Judgment for an Anderson attorney who allegedly failed to act in his client’s post-conviction relief case for nearly seven years after collecting a nearly $25,000 retainer was upheld by the Indiana Court of Appeals. The panel affirmed a trial court ruling that the ex-client’s legal malpractice claim was time-barred.
Anthony French hired criminal defense lawyer Jeffrey Lockwood to represent him in a post-conviction proceeding in February 2010. French alleged he paid a $24,981.25 retainer to Lockwood, who then filed an appearance with the post-conviction court and French’s petition for relief.
However, French claimed that four years went by with no movement in the case on Lockwood’s end. French additionally received no response to a letter stating he would file a civil suit against Lockwood if the attorney didn’t start working on the case or refund French his money.
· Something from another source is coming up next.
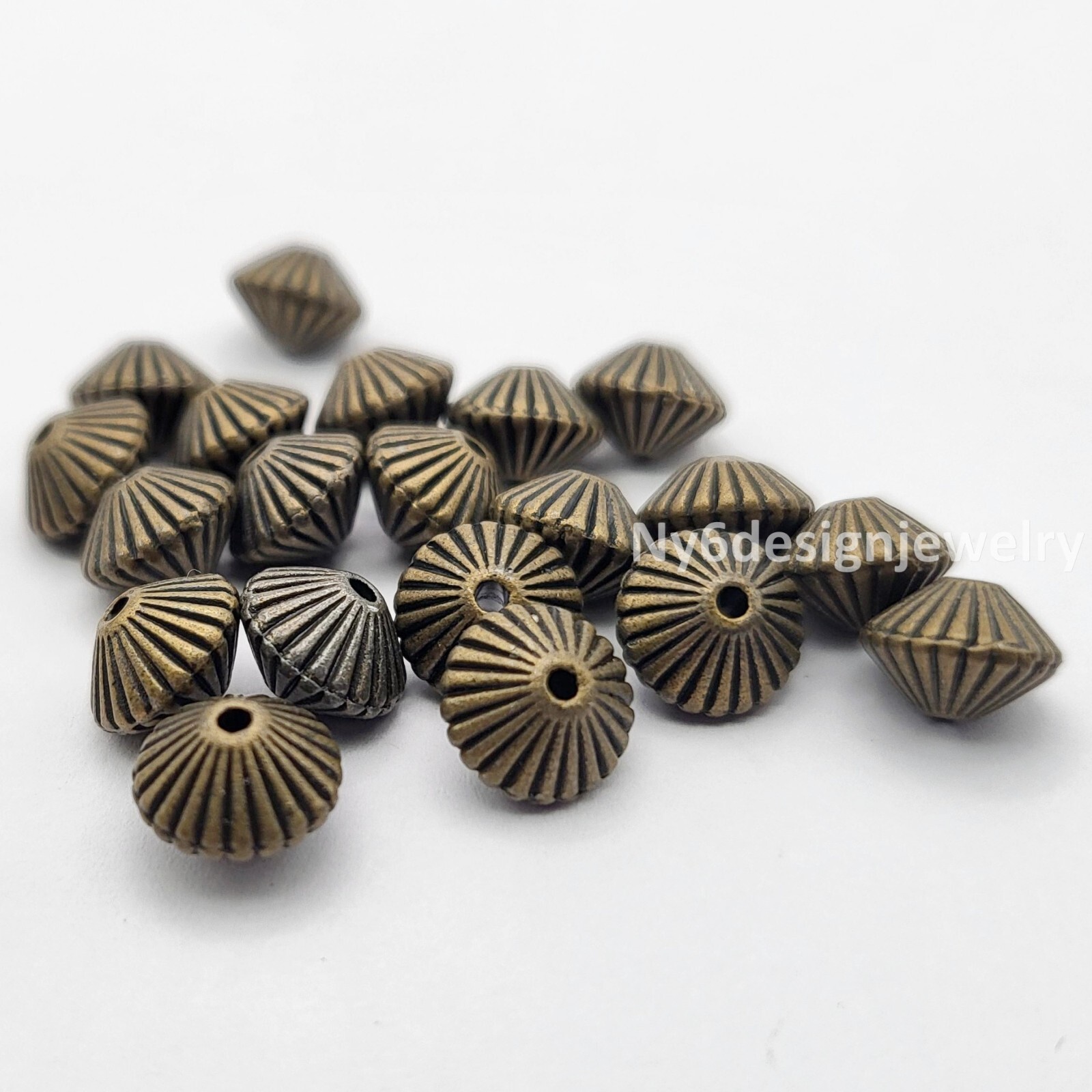Bicone Spacer Beads 20pcs Copper Antique Brass Silver Gold Jewelry Finding 7mm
French ultimately retained other counsel and filed a complaint against Lockwood with the Indiana Supreme Court Disciplinary Commission. Lockwood then filed with the postconviction court his motion for leave to withdraw his appearance for French.
When French filed a complaint for legal malpractice against Lockwood in February 2018, Lockwood moved to dismiss under Indiana Trial Rule 12(B)(6). The complaint, Lockwood alleged, was time-barred by the applicable two-year statute of limitations.
The Madison Circuit Court agreed, entering judgment in Lockwood’s favor. The Indiana Court of Appeals affirmed Friday, finding the trial court did not err in entering its judgment. The appellate court determined that by August 30, 2015, French knew he had sustained injury as a result of Lockwood’s conduct, and the statute of limitations had therefore begun.
It further rejected French’s assertion of that the complaint was timely filed under the continuous representation doctrine.
“French filed his complaint on February 21, 2018, which was two years and two days after the latest possible date that his attorney-client relationship with Lockwood had terminated. Thus, French’s complaint was untimely as a matter of law,” the appellate court concluded in a Friday memorandum decision.
The case is Anthony W. French v. Jeffrey A. Lockwood (mem. dec.), 18A-PL-2385.